> [DATA FOR REVIEW]:
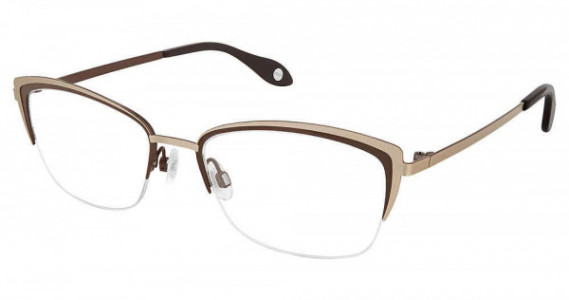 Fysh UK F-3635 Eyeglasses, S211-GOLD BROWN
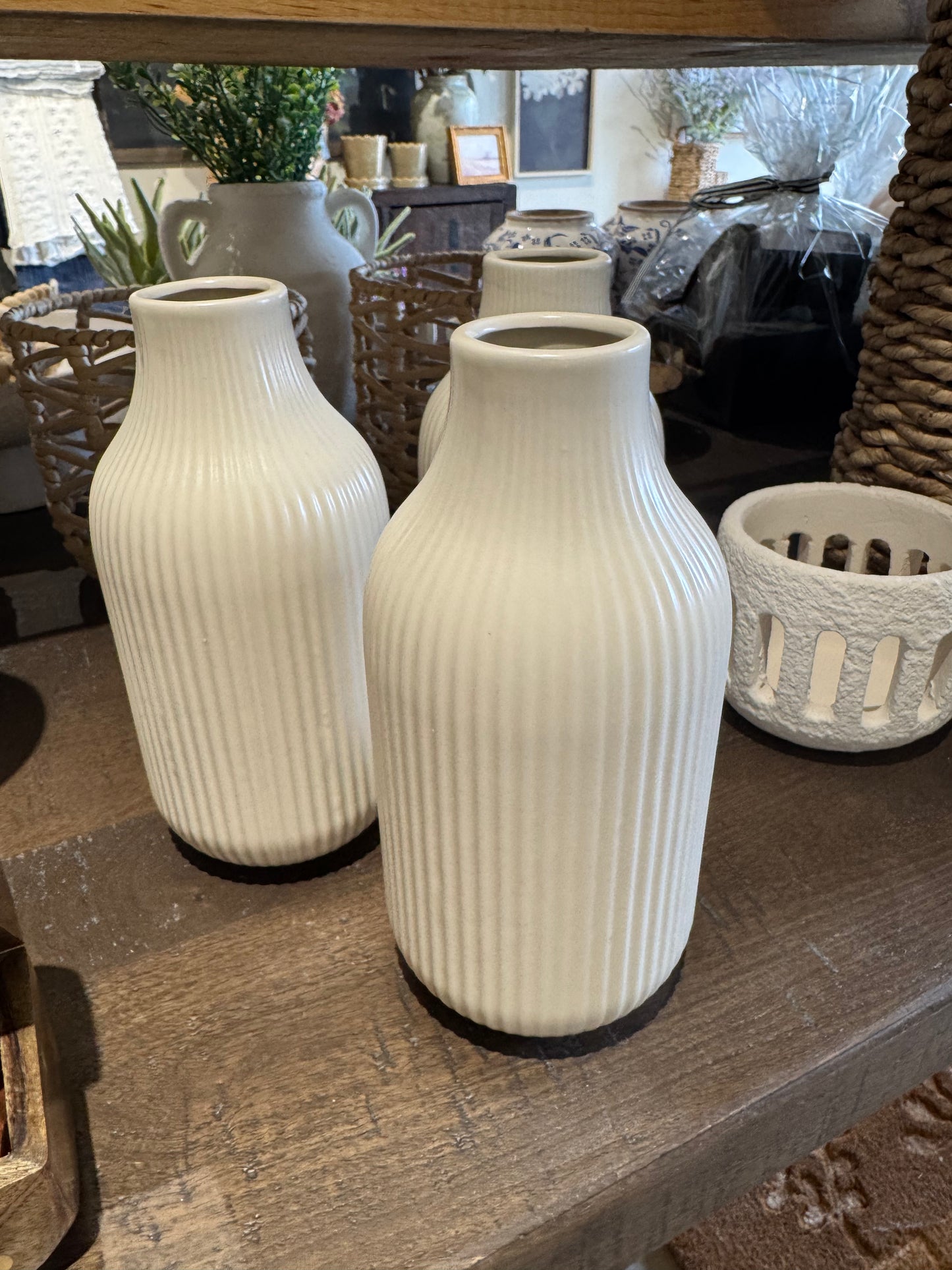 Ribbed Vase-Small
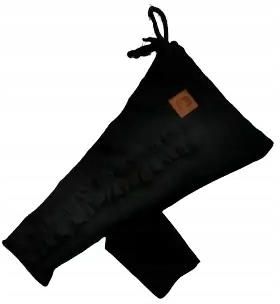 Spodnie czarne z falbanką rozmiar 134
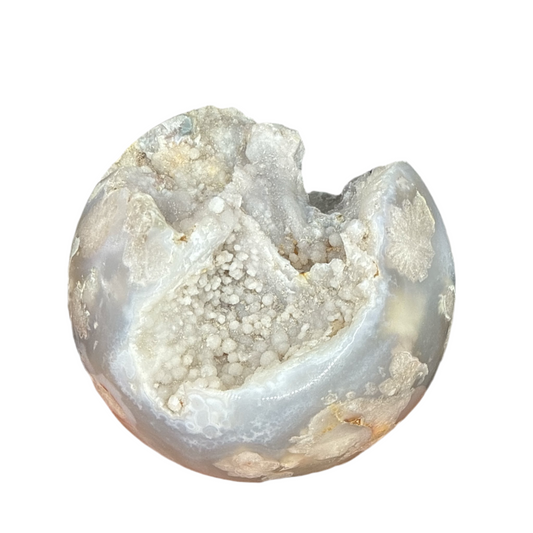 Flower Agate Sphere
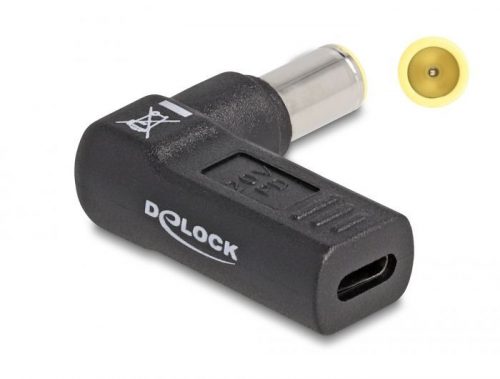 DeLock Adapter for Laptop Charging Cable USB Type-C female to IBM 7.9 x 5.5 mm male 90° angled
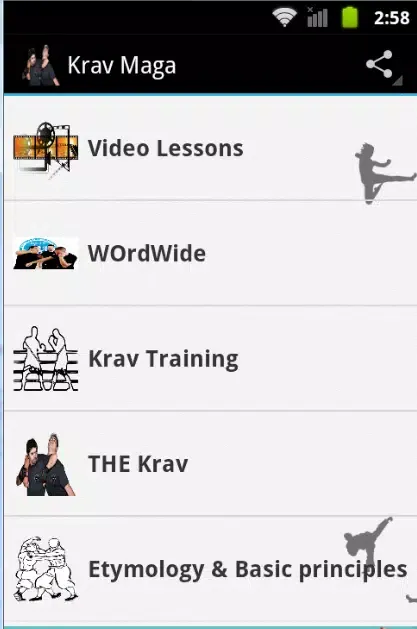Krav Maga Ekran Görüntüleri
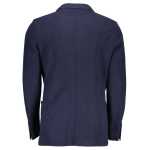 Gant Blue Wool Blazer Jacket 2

> [EXERCISE AIM]: Reproduce the lines above letter for letter. The pictures stay behind.

> [FINISHED TASK]:
 Fysh UK F-3635 Eyeglasses, S211-GOLD BROWN
 Ribbed Vase-Small
 Spodnie czarne z falbanką rozmiar 134
 Flower Agate Sphere
 DeLock Adapter for Laptop Charging Cable USB Type-C female to IBM 7.9 x 5.5 mm male 90° angled
Krav Maga Ekran Görüntüleri
 Gant Blue Wool Blazer Jacket 2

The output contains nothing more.